Trata-se, portanto, de homogeneização da cultura, um processo deplorável e ameaçador por meio do qual idiomas, tradições orais, crenças e costumes desaparecem a cada ano, enquanto riqueza e poder cada vez maiores se concentram nas mãos de um grupo muito reduzido. Oposto da homogeneização e da uniformidade, a fermentação natural é um pequeno antídoto de que se pode lançar mão na própria residência, utilizando culturas de micro-organismos extremamente particulares, próprias de cada ambiente doméstico, para produzir um alimento fermentado único. Aquilo que fermentamos com micro-organismos à nossa volta constitui a manifestação de um ambiente específico, e o resultado será sempre inigualável. Seu chucrute ou missô caseiros podem, perfeitamente, vir a corresponder à imagem ou expectativa que você tem deles. É mais provável, porém, que eles manifestem alguma singularidade que o forçará a ajustar sua imagem e expectativa. A fermentação artesanal furta-se, de fato, ao domínio das mercadorias padronizadas. E, no entanto, as primeiras mercadorias cambiadas em escala mundial foram os fermentados. Especificamente, chocolate, café e chá estavam entre os primeiros produtos agrícolas despachados em grandes quantidades para todas as regiões do planeta. Todos eles, por sinal, envolvem fermentação em sua fabricação.
Em 1985 passei vários meses viajando pela África. Na República dos Camarões, não muito distante de uma cidade chamada Abong-Mbang, fui apresentado ao casal de pigmeus que me guiaria numa aventura selva adentro. Usamos varas de bambu para atravessar os pântanos. Os pigmeus desfrutam uma longa tradição de sobrevivência na selva. Nesta jornada, deparei vários povoados pigmeus envolvidos com a plantação de cacau. Acabei por saber que o governo tentava forçá-los a se adaptar à agricultura voltada para o mercado. O estilo de vida migratório dos pigmeus estava sendo tachado de obsoleto e ilegal, por não gerar valor para um Estado em busca desesperada por receitas e negócios com o exterior, tendo em vista os empréstimos contraídos com instituições financeiras mundiais.
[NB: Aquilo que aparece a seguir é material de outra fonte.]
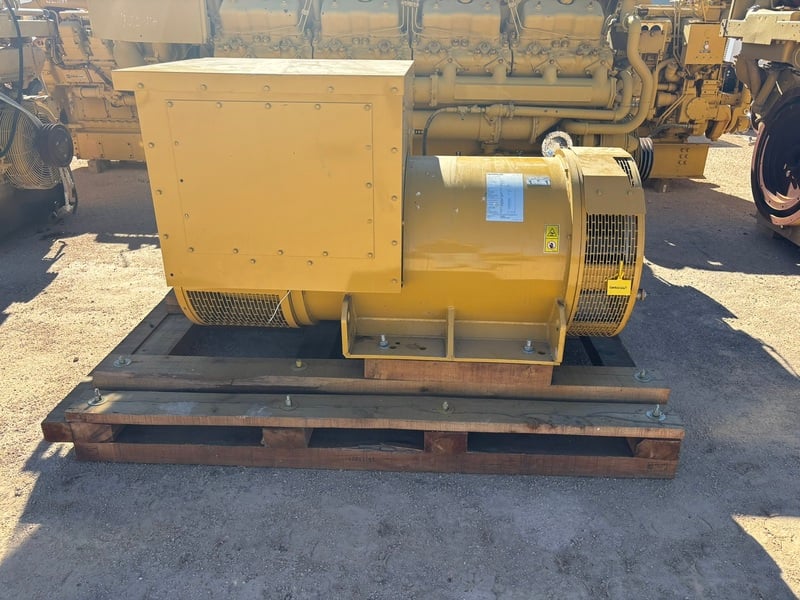 565 KW, 1800 RPM, Caterpillar #SRMP, generator end, 690 Volts, 591 Amps. Frame 936
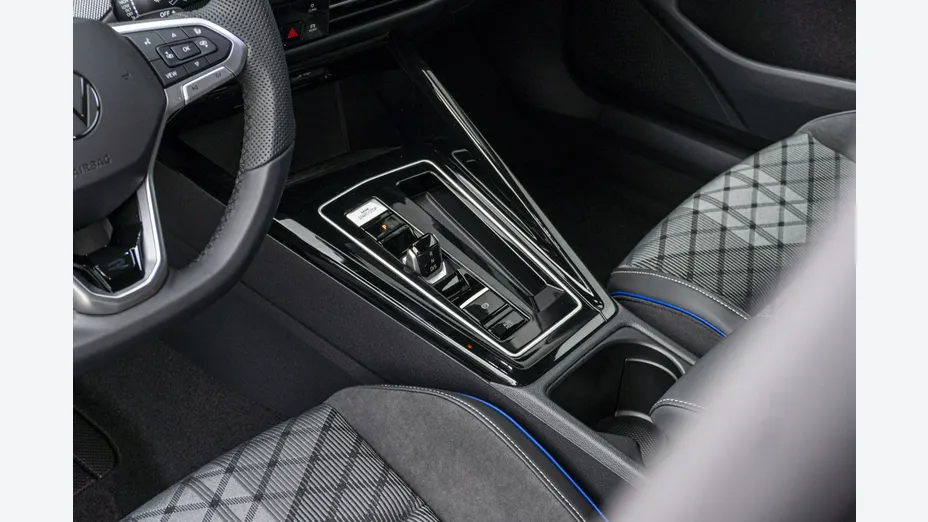VOLKSWAGEN Golf -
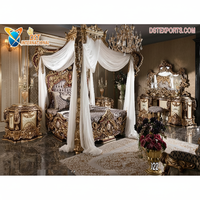 Tempat Tidur Mewah King Size Empat Tiang Model Mahkota Desain Royal Ukiran Kayu Jati Berat Set Sofa Kayu Ukiran Tangan Eksklusif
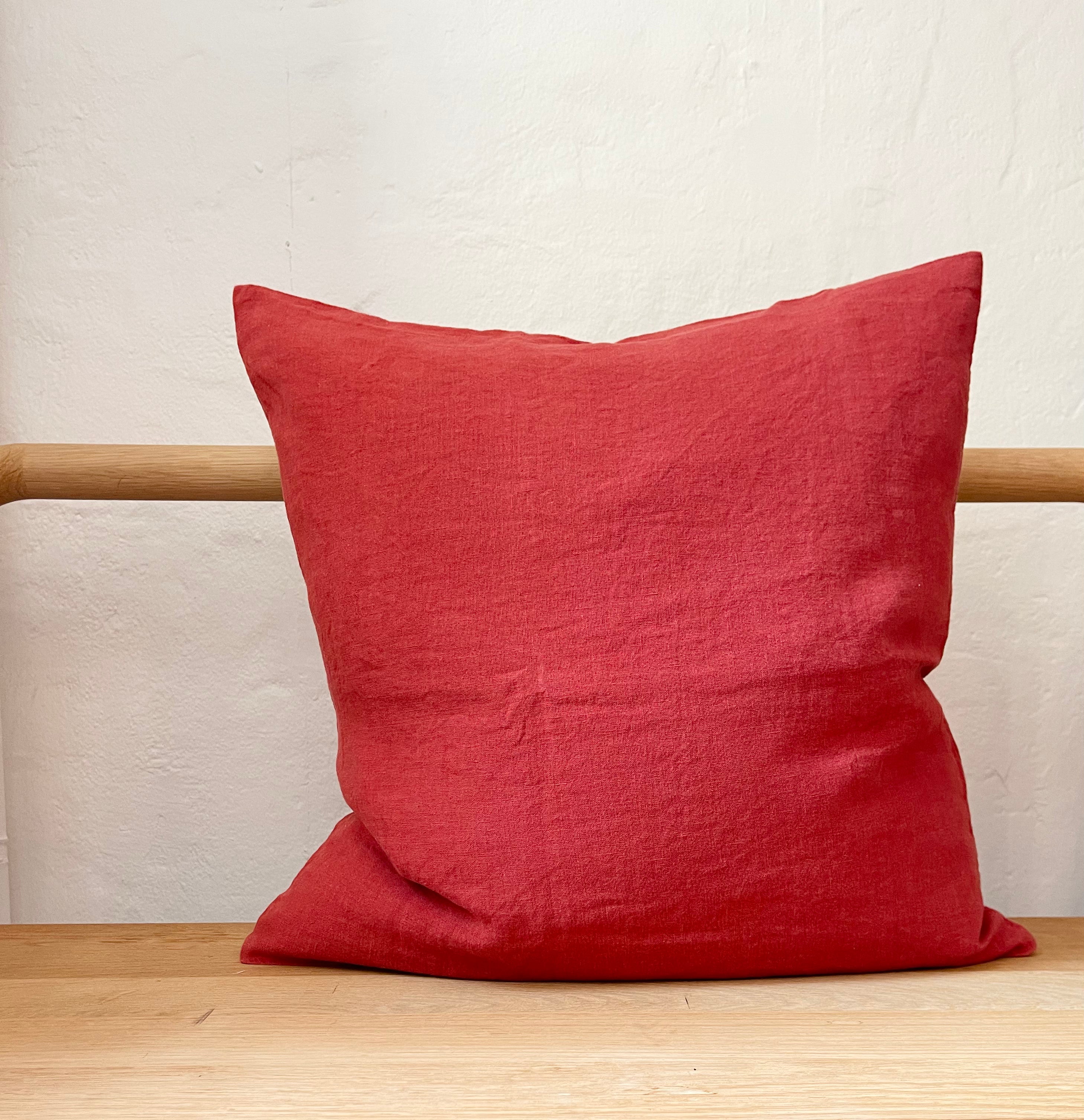 Linen Pillow Case 50x50 / Carmine Red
Quando culturas tradicionais são consideradas fora da lei, podemos afirmar que vivemos um processo de homogeneização da cultura. É uma velha história, que poderia ser contada por qualquer indígena americano ou por meus avós judeus, que escaparam dos pogroms** e viram as tradições judaicas da Europa Oriental se dispersarem e desaparecerem numa única geração.


*Marcas, respectivamente, de cerveja, pão e queijo.
**Conjunto de perseguições e crimes praticados contra os judeus.